* **TASK TO COMPLETE**
Omit the pictures and retype only the lines from the one containing "58 Deborah Drive, Strathroy-Caradoc, Ontario" through the end of the listing, both ends included.
··· DATA SECTION
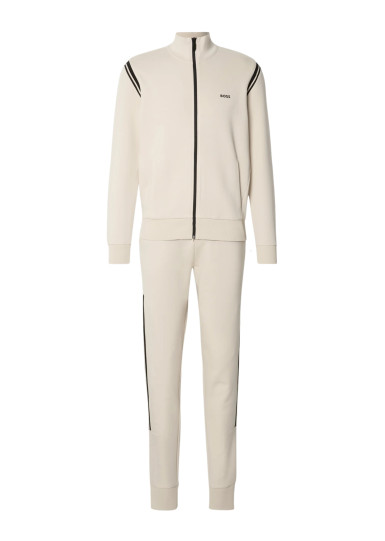 Спортивный костюм Regular Fit: классический крой, средняя свобода движений.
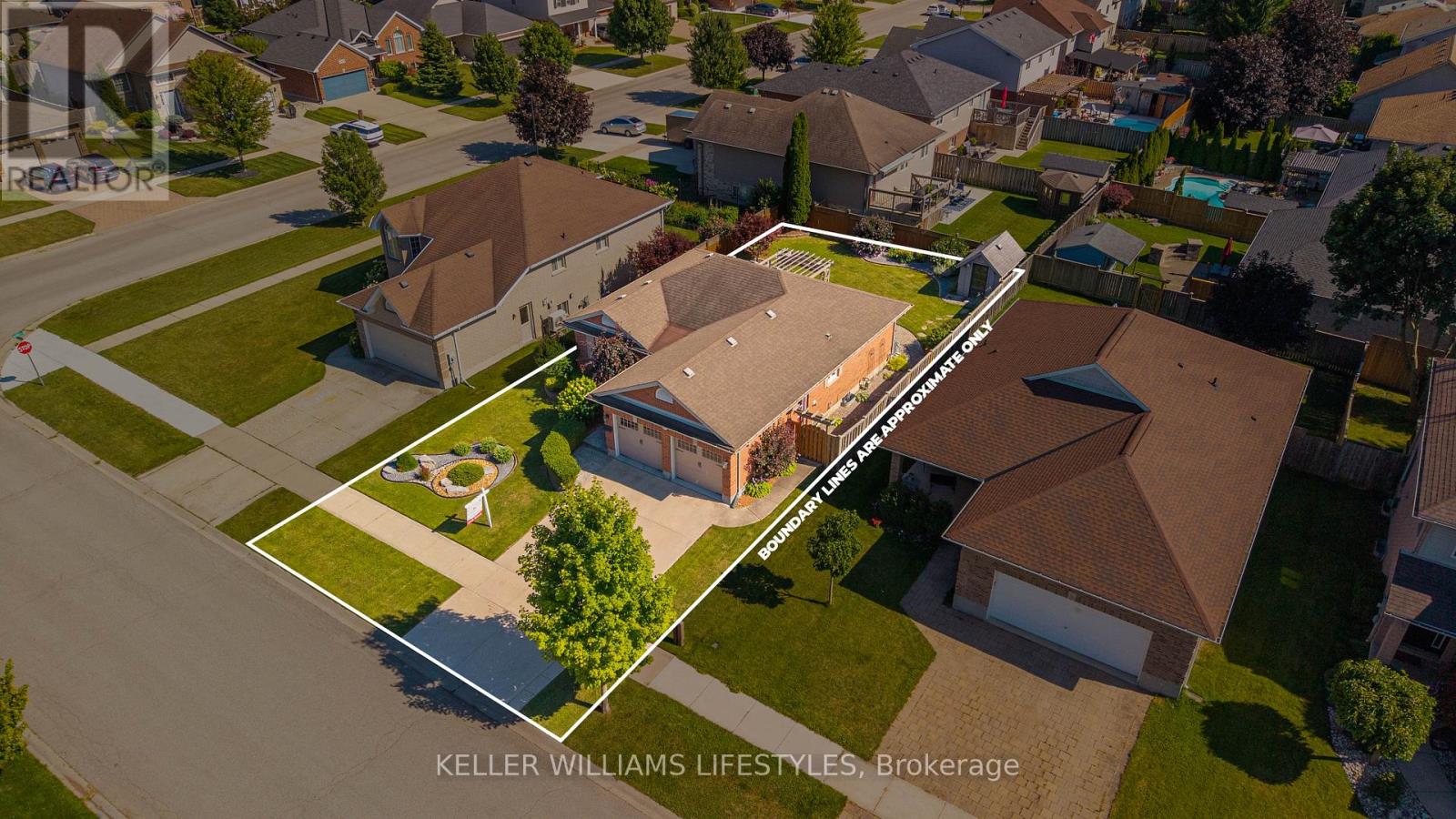 58 Deborah Drive, Strathroy-Caradoc, Ontario  N7G 4C8 - Photo 4 - X12655190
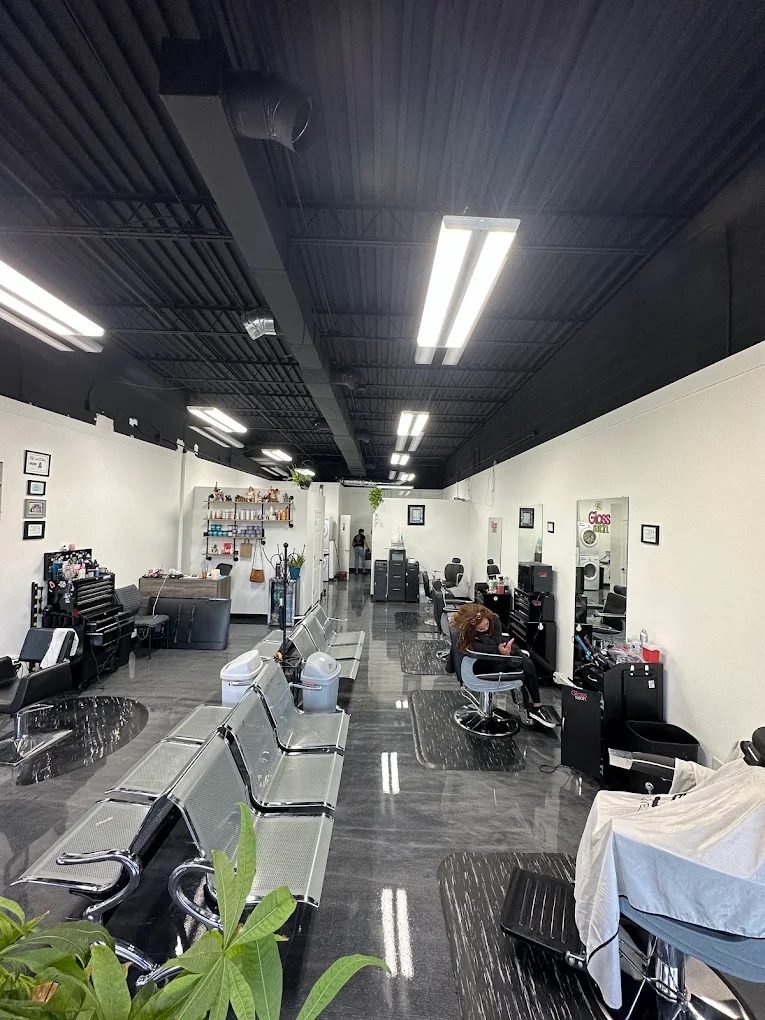 Interior de Gloss Salon en Kernersville: sillas, espejos y piso brillante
······
* **EXERCISE OUTPUT**
 58 Deborah Drive, Strathroy-Caradoc, Ontario  N7G 4C8 - Photo 4 - X12655190
 Interior de Gloss Salon en Kernersville: sillas, espejos y piso brillante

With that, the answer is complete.